> _ASSIGNMENT_: A word-for-word copy is needed of the line containing "Spooktacular Glow: Set" and every line after it through the end of the records below, leaving out all pictures.

Records from a data collection
----

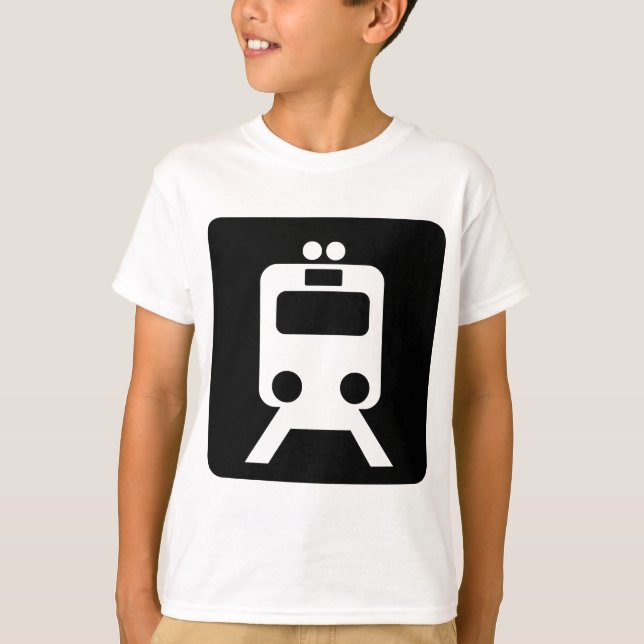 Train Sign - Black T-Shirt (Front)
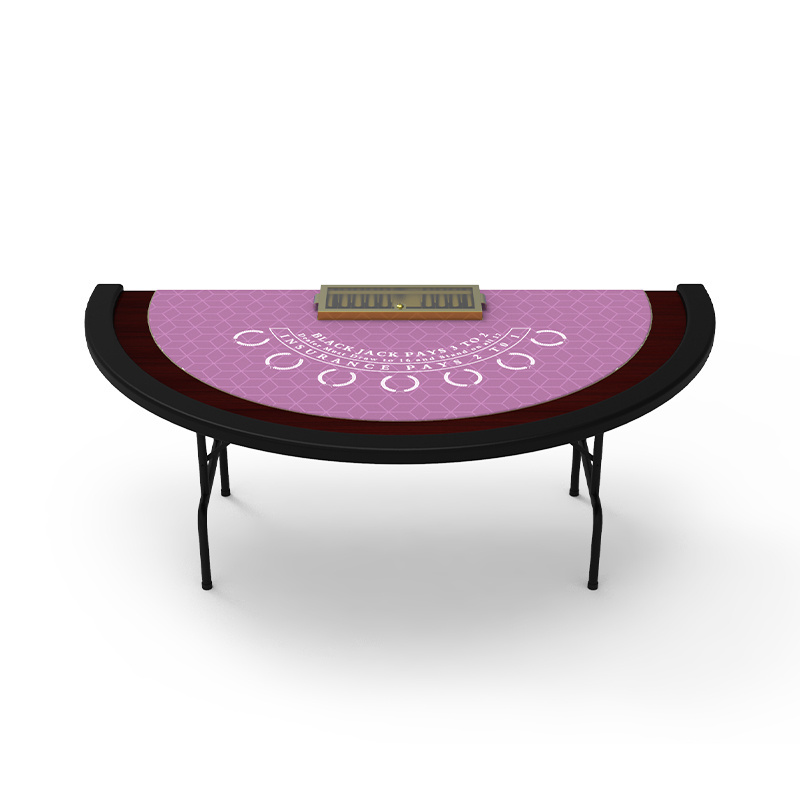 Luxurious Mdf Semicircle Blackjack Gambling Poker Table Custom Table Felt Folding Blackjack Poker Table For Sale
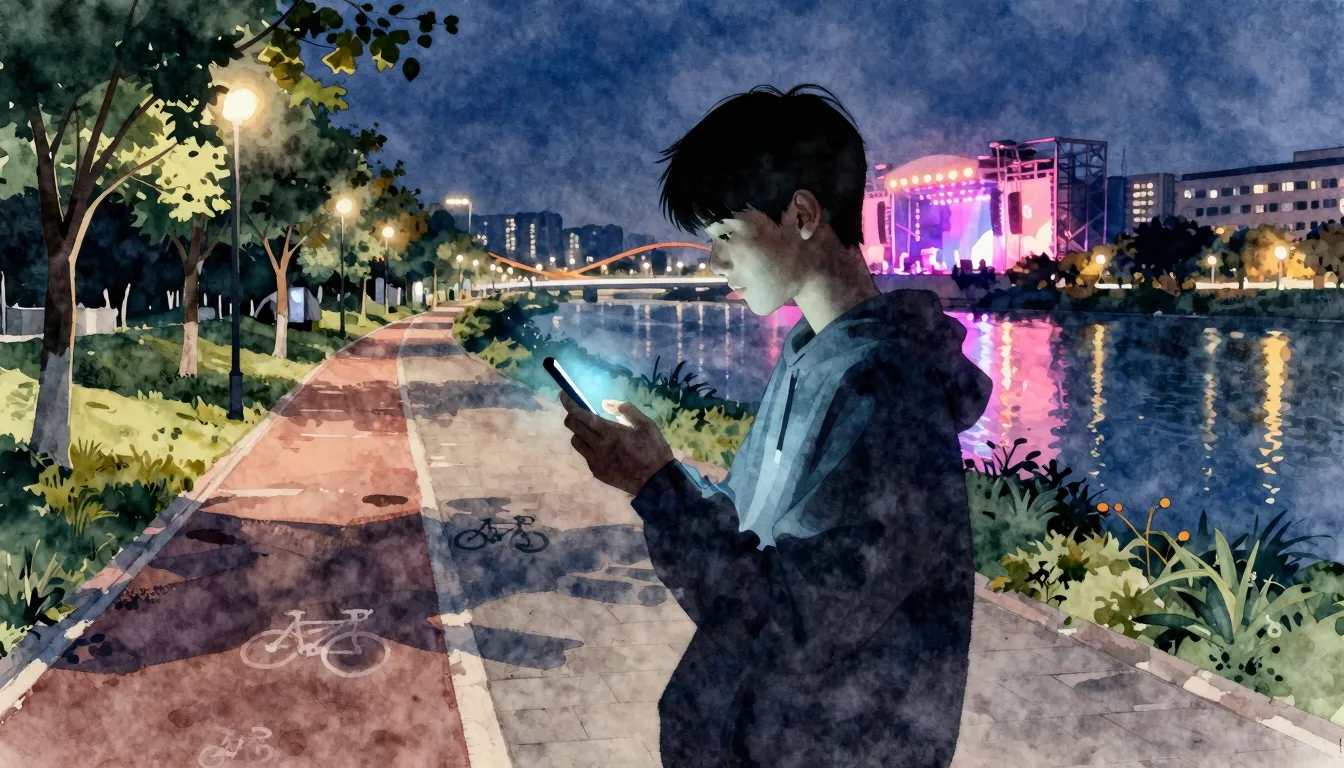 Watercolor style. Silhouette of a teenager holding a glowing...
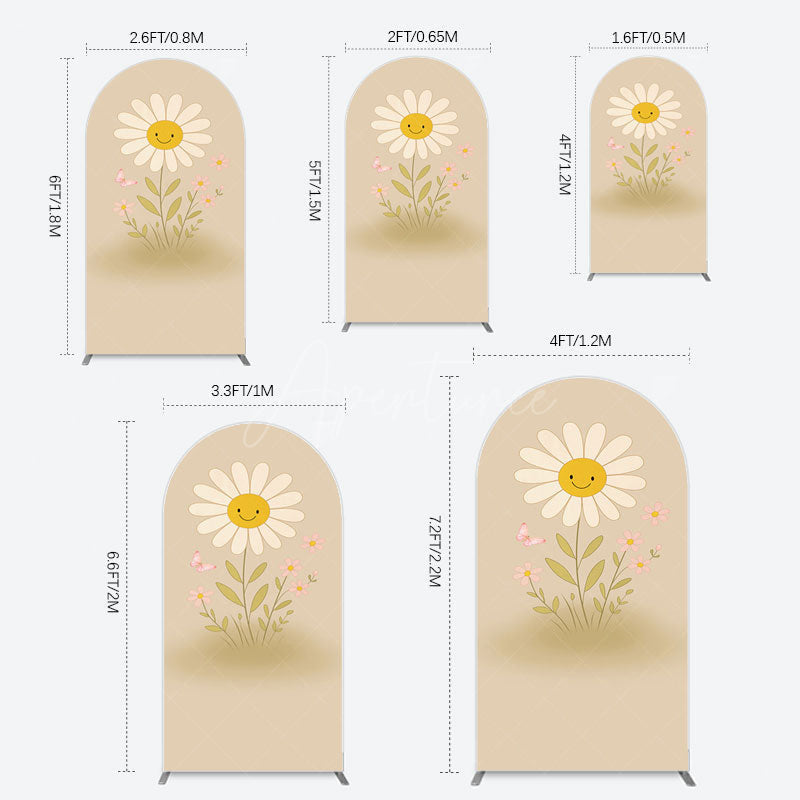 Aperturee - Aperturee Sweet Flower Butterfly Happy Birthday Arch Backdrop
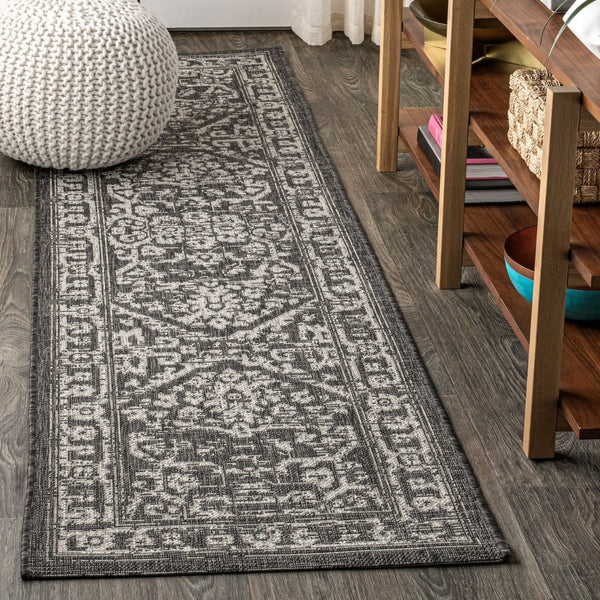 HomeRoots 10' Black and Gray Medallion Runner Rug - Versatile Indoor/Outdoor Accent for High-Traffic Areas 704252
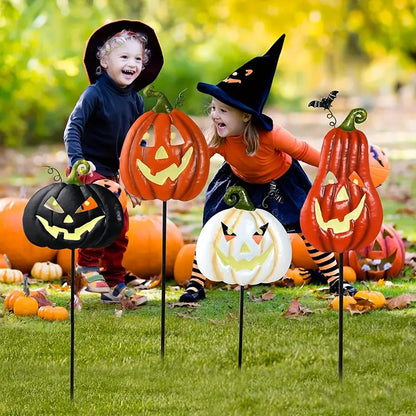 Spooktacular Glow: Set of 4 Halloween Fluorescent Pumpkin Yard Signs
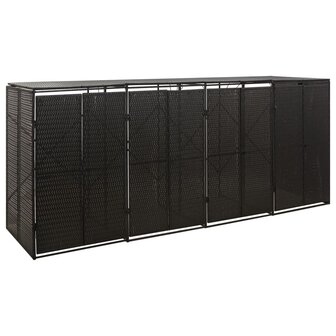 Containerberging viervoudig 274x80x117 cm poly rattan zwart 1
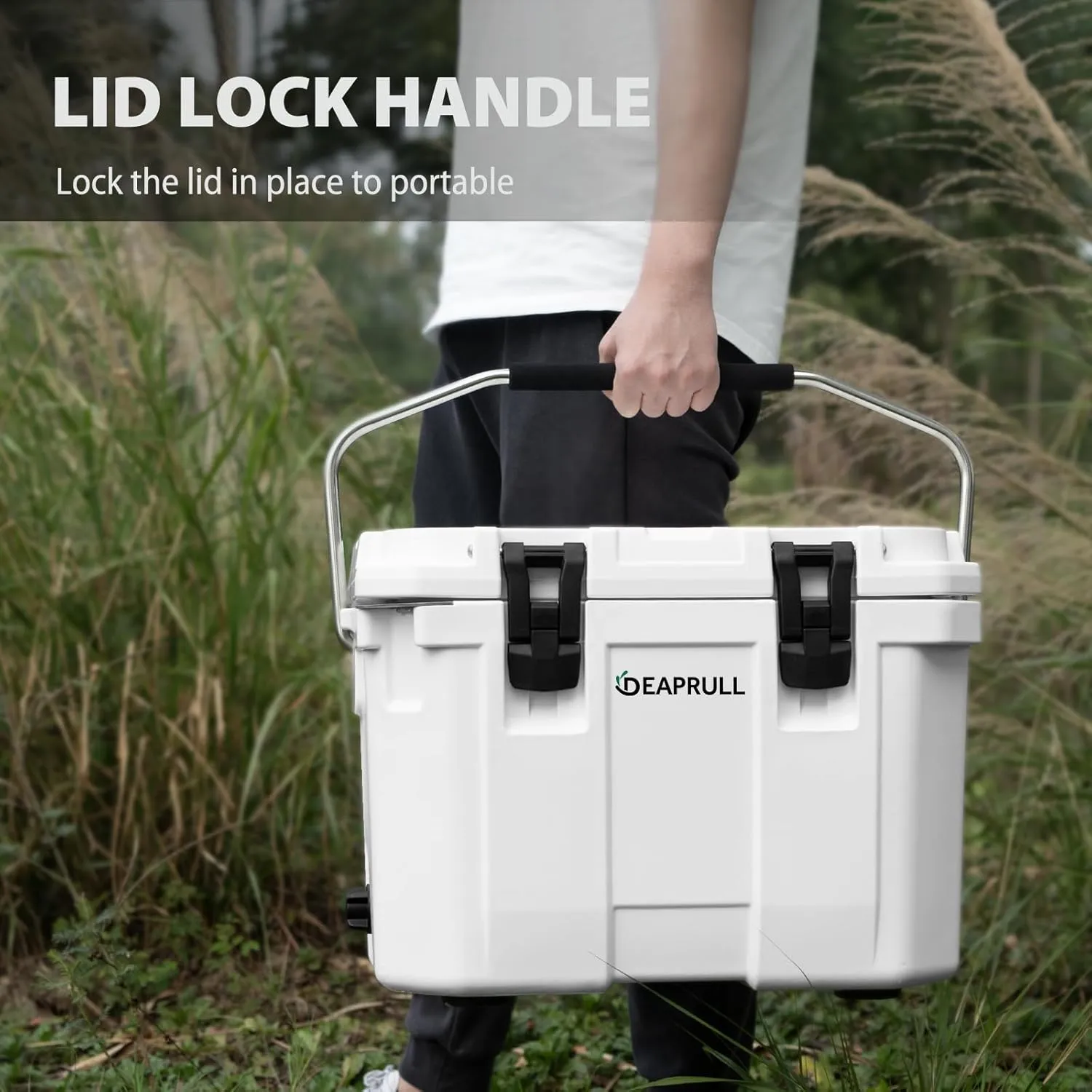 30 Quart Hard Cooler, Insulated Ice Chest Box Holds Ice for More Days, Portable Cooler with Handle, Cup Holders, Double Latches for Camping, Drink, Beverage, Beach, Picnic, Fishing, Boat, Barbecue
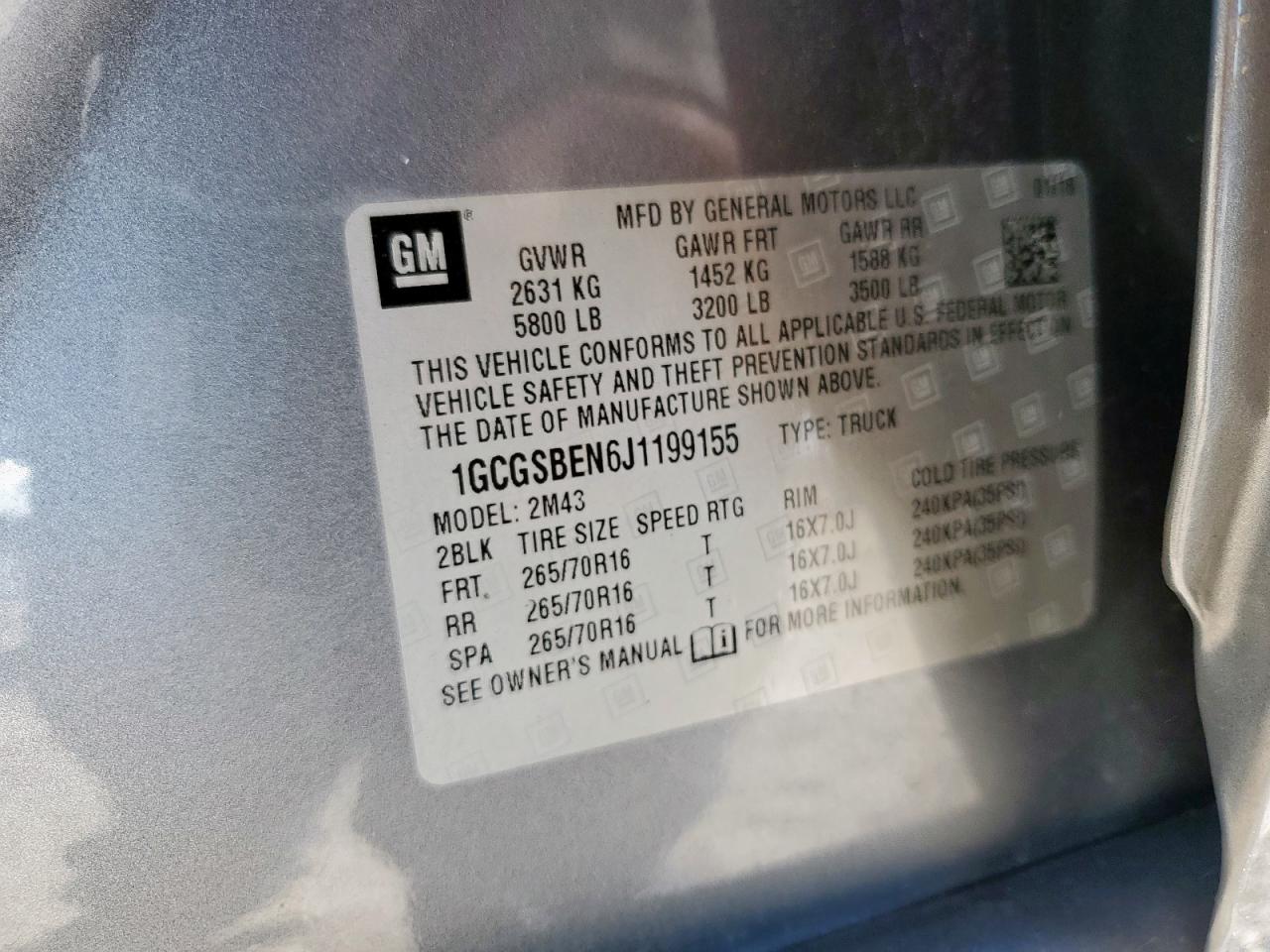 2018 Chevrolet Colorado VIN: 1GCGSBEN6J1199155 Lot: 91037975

----

> _WRITTEN REPLY_:
 Spooktacular Glow: Set of 4 Halloween Fluorescent Pumpkin Yard Signs
 Containerberging viervoudig 274x80x117 cm poly rattan zwart 1
 30 Quart Hard Cooler, Insulated Ice Chest Box Holds Ice for More Days, Portable Cooler with Handle, Cup Holders, Double Latches for Camping, Drink, Beverage, Beach, Picnic, Fishing, Boat, Barbecue
 2018 Chevrolet Colorado VIN: 1GCGSBEN6J1199155 Lot: 91037975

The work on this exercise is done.